> **WHAT TO PRODUCE**
In the listing below, find every line containing "Tech" and copy it out.

━━ PROVIDED RECORDS ━━

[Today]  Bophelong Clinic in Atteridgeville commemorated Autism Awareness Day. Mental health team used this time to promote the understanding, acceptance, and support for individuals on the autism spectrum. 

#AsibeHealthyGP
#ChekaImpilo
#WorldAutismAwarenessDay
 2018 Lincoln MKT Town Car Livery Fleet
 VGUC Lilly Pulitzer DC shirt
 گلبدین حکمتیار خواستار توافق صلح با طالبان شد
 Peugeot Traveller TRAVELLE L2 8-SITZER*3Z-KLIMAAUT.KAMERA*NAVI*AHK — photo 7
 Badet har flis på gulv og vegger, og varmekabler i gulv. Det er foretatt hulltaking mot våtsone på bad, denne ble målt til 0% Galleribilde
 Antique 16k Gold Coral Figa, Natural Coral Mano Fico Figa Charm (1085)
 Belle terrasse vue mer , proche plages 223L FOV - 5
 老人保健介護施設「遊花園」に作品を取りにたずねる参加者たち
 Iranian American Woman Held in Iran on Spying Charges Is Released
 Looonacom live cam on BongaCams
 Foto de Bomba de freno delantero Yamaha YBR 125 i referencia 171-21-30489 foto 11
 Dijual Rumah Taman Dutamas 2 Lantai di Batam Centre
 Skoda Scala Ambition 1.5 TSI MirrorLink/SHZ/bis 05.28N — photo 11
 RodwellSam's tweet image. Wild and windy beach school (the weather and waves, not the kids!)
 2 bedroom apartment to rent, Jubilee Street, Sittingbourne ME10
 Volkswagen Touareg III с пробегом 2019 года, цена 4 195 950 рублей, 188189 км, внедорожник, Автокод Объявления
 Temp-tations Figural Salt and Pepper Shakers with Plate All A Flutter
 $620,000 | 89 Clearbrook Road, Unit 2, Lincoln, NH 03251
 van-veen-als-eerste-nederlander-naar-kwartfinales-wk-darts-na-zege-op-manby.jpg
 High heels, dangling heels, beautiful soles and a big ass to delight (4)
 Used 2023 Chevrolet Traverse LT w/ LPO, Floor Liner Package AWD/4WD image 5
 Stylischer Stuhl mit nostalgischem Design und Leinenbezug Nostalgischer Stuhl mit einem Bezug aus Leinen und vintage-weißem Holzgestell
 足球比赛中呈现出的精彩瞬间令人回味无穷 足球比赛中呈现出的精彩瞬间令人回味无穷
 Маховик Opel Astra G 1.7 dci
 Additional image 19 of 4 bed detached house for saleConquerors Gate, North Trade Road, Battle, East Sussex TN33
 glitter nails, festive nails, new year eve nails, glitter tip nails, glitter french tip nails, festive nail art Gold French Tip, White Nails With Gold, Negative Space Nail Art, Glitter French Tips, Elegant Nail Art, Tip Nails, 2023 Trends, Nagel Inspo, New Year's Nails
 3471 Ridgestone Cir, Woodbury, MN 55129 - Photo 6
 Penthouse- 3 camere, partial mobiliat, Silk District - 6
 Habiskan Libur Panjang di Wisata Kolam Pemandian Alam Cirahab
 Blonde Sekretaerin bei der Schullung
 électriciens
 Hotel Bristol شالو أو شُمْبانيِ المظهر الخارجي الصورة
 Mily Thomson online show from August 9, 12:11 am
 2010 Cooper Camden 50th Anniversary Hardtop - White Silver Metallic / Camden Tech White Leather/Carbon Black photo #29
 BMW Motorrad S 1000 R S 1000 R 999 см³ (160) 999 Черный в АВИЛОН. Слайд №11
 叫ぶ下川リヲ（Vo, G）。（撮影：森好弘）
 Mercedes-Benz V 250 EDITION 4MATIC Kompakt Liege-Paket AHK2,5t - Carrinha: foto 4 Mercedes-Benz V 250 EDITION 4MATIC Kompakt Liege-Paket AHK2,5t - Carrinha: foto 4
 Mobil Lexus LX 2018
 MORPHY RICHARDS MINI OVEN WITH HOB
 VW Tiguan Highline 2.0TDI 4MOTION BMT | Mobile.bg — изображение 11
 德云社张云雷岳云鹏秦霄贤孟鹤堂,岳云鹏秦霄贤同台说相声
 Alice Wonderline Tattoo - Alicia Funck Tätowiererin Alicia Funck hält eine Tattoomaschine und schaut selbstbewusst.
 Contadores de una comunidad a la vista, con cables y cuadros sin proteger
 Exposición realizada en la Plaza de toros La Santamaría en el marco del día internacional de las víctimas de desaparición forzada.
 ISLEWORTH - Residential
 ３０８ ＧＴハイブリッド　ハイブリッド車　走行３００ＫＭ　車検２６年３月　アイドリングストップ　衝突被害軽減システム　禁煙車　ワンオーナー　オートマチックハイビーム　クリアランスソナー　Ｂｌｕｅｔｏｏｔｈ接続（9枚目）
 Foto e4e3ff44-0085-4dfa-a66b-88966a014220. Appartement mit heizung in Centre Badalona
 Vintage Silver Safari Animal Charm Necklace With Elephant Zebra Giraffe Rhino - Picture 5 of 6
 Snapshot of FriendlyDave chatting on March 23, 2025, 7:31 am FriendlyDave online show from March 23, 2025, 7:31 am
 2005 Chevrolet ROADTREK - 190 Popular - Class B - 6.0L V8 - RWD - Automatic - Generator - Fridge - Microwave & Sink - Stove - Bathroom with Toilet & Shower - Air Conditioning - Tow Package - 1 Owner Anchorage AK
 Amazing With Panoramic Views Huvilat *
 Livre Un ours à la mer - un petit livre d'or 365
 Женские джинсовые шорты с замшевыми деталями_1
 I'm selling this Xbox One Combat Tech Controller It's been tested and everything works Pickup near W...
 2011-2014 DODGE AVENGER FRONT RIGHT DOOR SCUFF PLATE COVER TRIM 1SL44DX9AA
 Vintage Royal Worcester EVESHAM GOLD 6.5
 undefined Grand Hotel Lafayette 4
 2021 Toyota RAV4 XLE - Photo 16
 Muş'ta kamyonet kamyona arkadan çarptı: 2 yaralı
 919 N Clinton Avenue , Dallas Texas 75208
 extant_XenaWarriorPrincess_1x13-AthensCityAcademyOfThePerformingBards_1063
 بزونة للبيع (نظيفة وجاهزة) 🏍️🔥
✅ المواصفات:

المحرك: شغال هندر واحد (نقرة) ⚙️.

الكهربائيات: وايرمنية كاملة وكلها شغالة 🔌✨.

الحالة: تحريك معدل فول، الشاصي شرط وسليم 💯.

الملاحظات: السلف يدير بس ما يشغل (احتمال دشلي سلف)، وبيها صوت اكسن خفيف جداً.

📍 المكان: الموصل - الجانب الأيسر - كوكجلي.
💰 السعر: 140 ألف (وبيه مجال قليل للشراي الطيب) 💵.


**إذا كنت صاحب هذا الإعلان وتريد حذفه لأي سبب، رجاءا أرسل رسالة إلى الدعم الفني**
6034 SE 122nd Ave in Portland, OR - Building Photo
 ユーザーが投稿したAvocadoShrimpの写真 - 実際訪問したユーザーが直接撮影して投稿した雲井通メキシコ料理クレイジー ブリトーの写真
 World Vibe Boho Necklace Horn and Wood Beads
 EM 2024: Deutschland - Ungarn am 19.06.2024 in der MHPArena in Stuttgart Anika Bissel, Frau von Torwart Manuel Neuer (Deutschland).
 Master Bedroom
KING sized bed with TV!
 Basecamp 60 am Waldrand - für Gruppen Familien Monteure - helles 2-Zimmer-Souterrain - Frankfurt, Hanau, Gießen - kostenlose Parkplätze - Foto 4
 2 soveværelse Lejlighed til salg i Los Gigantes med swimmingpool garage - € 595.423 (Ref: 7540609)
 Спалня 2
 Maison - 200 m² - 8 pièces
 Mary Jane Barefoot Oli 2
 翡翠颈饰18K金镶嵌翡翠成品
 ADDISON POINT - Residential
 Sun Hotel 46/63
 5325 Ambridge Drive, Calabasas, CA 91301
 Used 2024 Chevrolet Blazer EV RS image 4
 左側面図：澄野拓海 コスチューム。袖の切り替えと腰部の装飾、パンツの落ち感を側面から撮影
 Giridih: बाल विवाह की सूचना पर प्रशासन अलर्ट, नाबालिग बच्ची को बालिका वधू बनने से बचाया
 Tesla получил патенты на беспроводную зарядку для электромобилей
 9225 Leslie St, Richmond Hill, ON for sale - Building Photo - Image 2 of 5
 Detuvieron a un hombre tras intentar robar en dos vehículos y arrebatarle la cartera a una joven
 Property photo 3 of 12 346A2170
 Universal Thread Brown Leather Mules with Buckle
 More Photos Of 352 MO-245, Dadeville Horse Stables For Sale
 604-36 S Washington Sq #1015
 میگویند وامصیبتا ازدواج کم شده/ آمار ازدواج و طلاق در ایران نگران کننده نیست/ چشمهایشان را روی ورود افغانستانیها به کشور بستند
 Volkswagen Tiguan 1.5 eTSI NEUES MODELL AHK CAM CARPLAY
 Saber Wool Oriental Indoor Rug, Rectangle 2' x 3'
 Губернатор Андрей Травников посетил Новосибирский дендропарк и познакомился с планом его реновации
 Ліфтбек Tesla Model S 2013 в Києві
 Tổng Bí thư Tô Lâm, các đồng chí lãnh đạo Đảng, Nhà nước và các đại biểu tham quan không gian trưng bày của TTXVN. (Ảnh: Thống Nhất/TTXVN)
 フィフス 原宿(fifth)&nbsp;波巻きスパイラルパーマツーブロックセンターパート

━━━

> **ANSWER SECTION**
 2010 Cooper Camden 50th Anniversary Hardtop - White Silver Metallic / Camden Tech White Leather/Carbon Black photo #29
 I'm selling this Xbox One Combat Tech Controller It's been tested and everything works Pickup near W...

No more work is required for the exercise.